We all want balance, but the generic advice you usually find for working from home is either useless or impractical.
Get a separate office?
Give me a break.
That’s great for some, sure. But it’s not realistic for a lot of people, especially in small city apartments where space is scarce.
Creating physical separation is hard, but that doesn’t mean that you’re destined to live in a perpetual state of stress that feels like work follows you everywhere.
Today, I’m going to show you a simple but powerful technique for work/life separation that I’ve been using ever since I worked from my kitchen table years ago.
It’s called Closing The Digital Door, and it only takes five minutes to do. In just a few days of practice, you’ll create a clear line between work and home, and finally be able to get that “done for the day” feeling.
Three Steps To Close The Digital Door
Every day at around 6pm (or whenever I’m ready to finish working that day), I do the following:
1) Close out of every browser tab and desktop app that I use for work. For me, that means Google Docs, Trello, Slack and Office.
2) Close my work email folder. I use Mailplane as my email client to make this easy (I can just “X” out of my work email account), but if you have personal and work email in the same account, here’s an easy workaround that only takes two minutes to set up:
(This example uses Gmail, but many email providers have similar options available)
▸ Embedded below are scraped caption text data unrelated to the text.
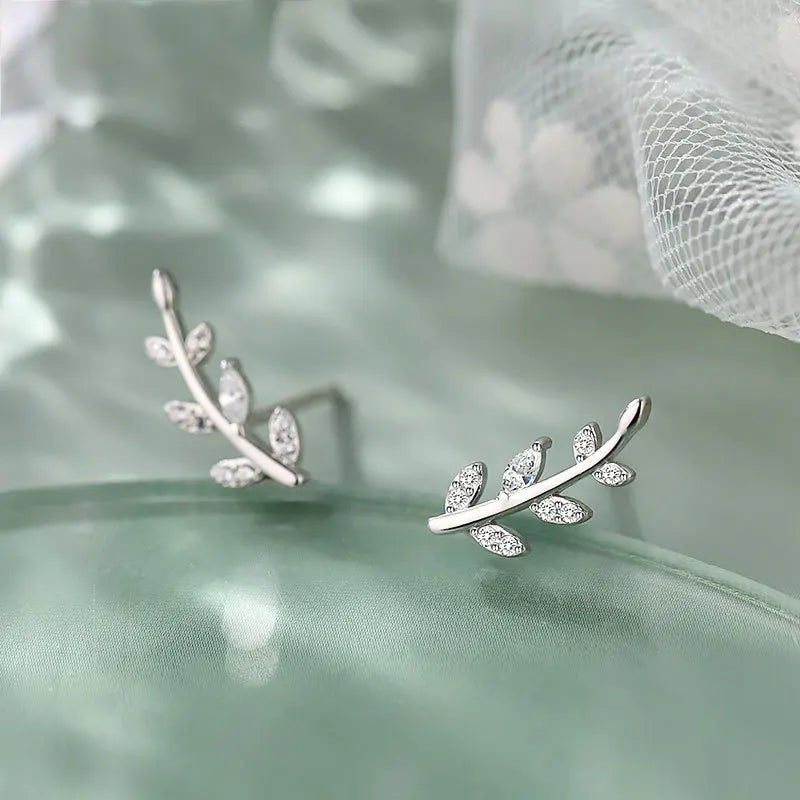 Sterling silver earrings in the shape of a tree branch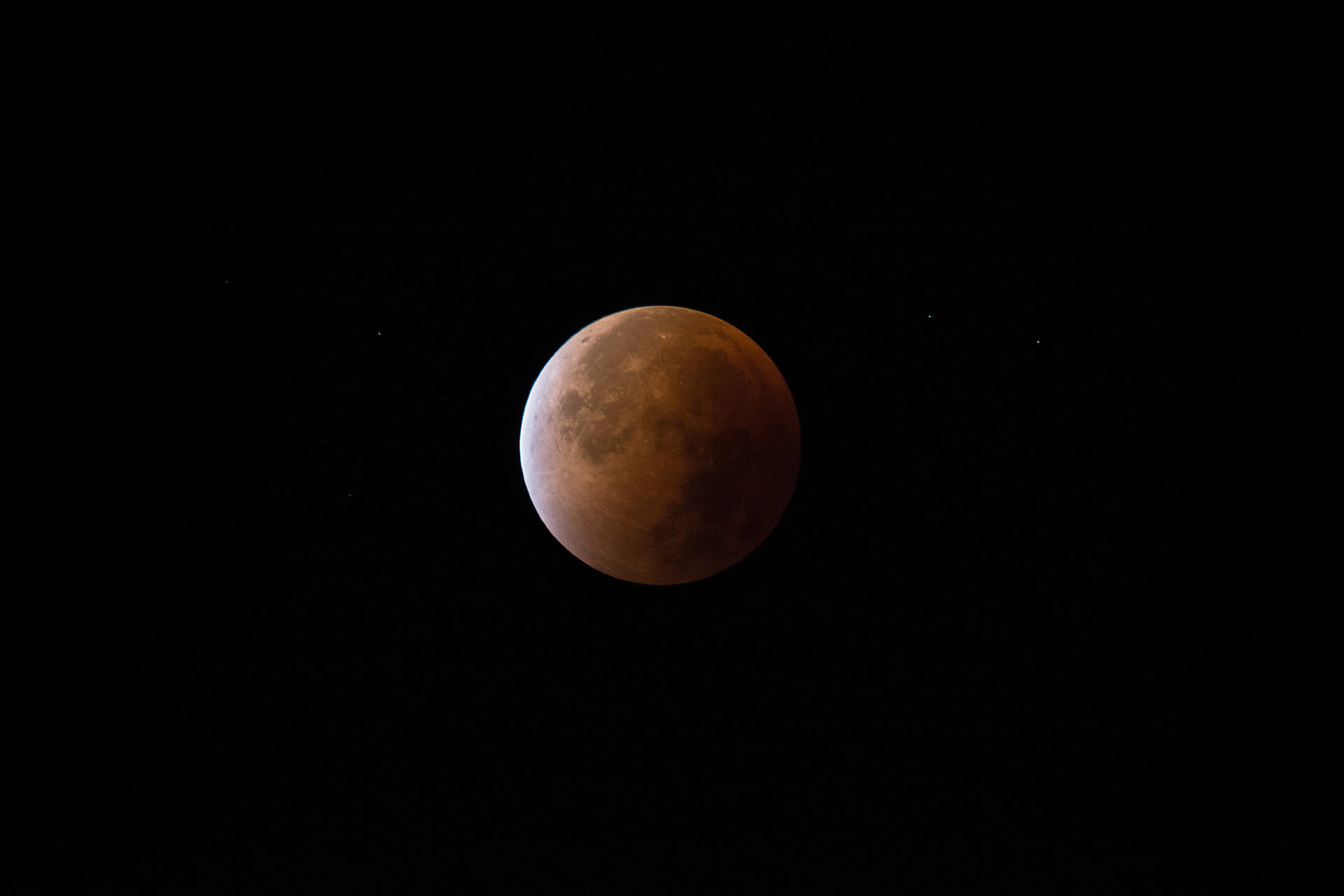 黑夜中漆黑的天空上的月亮。紅色月亮在夜空中。美學月景。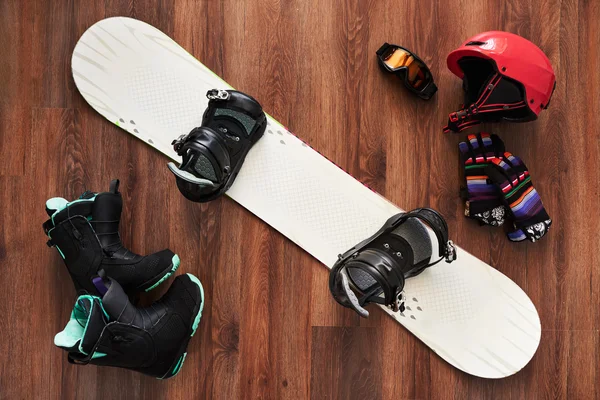 set of snowboard boots, helmet, gloves and mask on wooden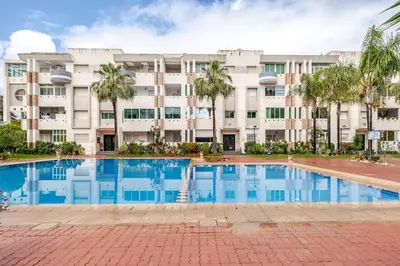 an apartment building with a swimming pool in front of it at Apartment with sea view in Mohammedia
First, create a label called “Work.”
Next, create a rule that captures all work-related emails. One way to do this would be to populate the “From” field with your work contacts (Tip: use [from:homeofficehero.com] to capture all messages from sent from homeofficehero.com).
Another way, if you get your work emails sent to a different email address that you forward to your personal inbox, would be to set the filter to capture all messages sent to that email.
Set the filter to Skip the Inbox (Archive It) and Apply the label: Work.
You now have a “separate inbox” for your work email. To close the digital door on these emails when you’re done for the day, just Hide the label.
3) Finally, I go into Notification Settings on my iPhone and turn off push notifications for my Gmail app.
When I do this, until the next morning, I’m free from my “office.” If I need to use my computer for something personal in the evening, I can do so without feeling guilty, because I’ve built systems that virtually guarantee that I can’t “accidentally” trip and fall into doing more work.
Then the next day when i’m ready to work, I just reverse the ritual and start up again.
Your ritual might be different based on your own workflow.
For example, if you get evening phone calls that pull you back into work, you may want to adjust your phone settings to send all but certain numbers straight to voicemail (on iPhones, the Do Not Disturb setting does exactly that).
Do this now: take five minutes and write down what it would take for you to “close the digital door” at the end of the day.
Next time you’re ready to clock out, follow those steps.
You now have a virtually bulletproof system for separating your work life from your home life.